_Stored data_
______________________________

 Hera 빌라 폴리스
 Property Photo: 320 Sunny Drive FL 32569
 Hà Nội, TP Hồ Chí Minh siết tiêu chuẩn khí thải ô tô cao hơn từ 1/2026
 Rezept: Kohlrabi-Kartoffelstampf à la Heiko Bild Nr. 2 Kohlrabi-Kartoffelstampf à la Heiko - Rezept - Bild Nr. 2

______________________________

_Your task_
The answer should contain every line of the data, unchanged.

_Written response_
 Hera 빌라 폴리스
 Property Photo: 320 Sunny Drive FL 32569
 Hà Nội, TP Hồ Chí Minh siết tiêu chuẩn khí thải ô tô cao hơn từ 1/2026
 Rezept: Kohlrabi-Kartoffelstampf à la Heiko Bild Nr. 2 Kohlrabi-Kartoffelstampf à la Heiko - Rezept - Bild Nr. 2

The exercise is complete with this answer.